For the record, I do not make a practice of going into deco or of deviating from the agreed dive plan in any meaningful way. It has happened once in > 300 dives - long drift dive mid channel in the St Lawrence where the current was running slower than normal. We chose to stay near the bottom @ ~100 ffw for ease of navigation as we approached the island we would be surfacing next to, and incurred a 5 minute deco. Gas was not an issue, I ended the dive at ~ 1,000 psi on my HP117. My buddy finished with about the same in his HP100. We could have come up at any time. No DM involved.
 
Are you sure?

I served as a DM on such a dive exactly once in my life--filling in for a crew member who got sick and could not attend a dive in Ste. Maarten. I had been a customer with that shop for a week, I had my insurance card with me, and I filled in at the last minute. It was a very well-attended dive--a shark dive for which they were well known. If you would have been on that dive, you would have seen me in the role of a navigator--getting the people to the site of the dive and getting them back to the boat when it was done. That's it.

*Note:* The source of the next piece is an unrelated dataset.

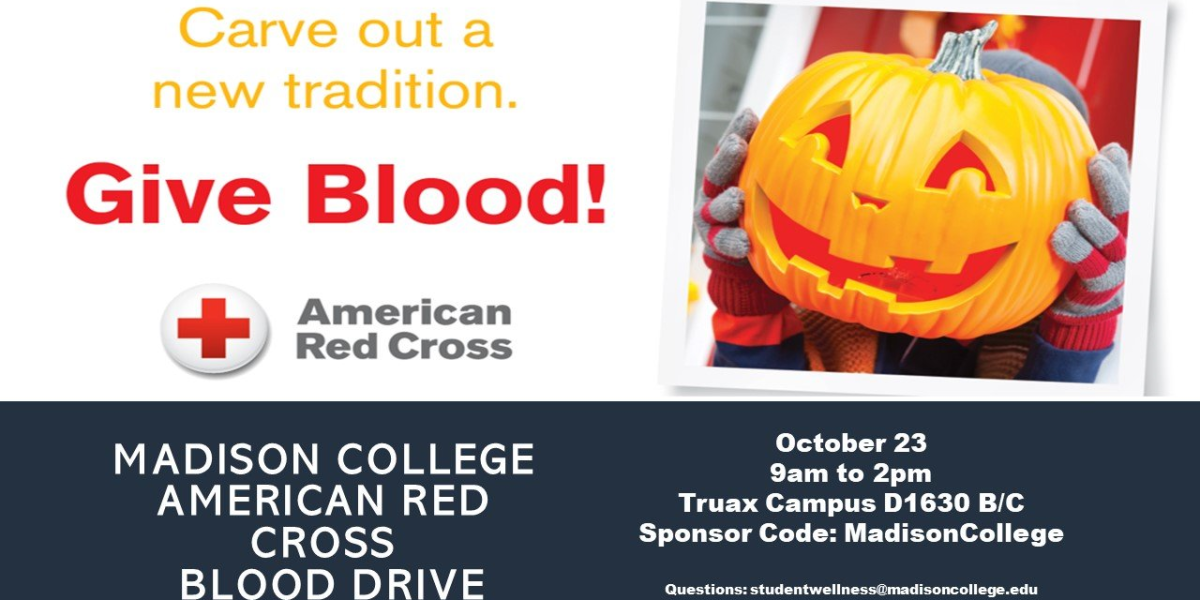 Blood donation opportunities for Madison College students and staff 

My briefing for what I was to do was very different. On those trips to and from the boat, I was very much to be aware of any divers having any problems, and I was to jump in immediately if I saw any such a sign. I was very much on the alert for that. Nobody had any problems, so all anyone ever saw me do was take care of navigation. If someone had had a problem, they would have seen me in a very different role.

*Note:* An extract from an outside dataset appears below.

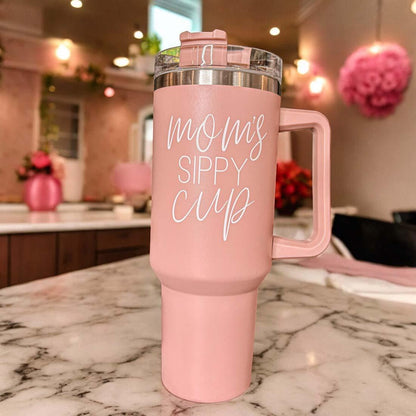 Big Travel Cup with Handle & Straw | Gift for Moms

Just to add - being asked to jump in if a problem were to arise is not the same as being in any way responsible for or in control of my decisions. It comes back to the same thing for me - set the rules out up front, and beyond that I will do my dive, not your business.
 
It sounds like this gal is doing what I did when I first started diving - just "going with the pack", assuming that if they're ok (and I'm going where they're going) then I'm ok. My dive buddy (husband) was a great role model for me. When he started to hit the limits on his depth/air/deco he'd just go up a few feet. At first I was impatient and irritated (especially since my air consumption was much better than his - he's caught up with me since). But he was totally right. We are each responsible for ourselves. If the pack is on the bottom watching an octopus and my computer says "no" then I have to skip the octopus. Too bad, so sad. But I get the chance to see it on another day. She needs to own responsibility for herself, and have the courage to act in a way that preserves her safety.
I have on many occasions come up in the water column relative to the rest of the pack due to my management of my NDL and my gas. My safety, my decision, my responsibility.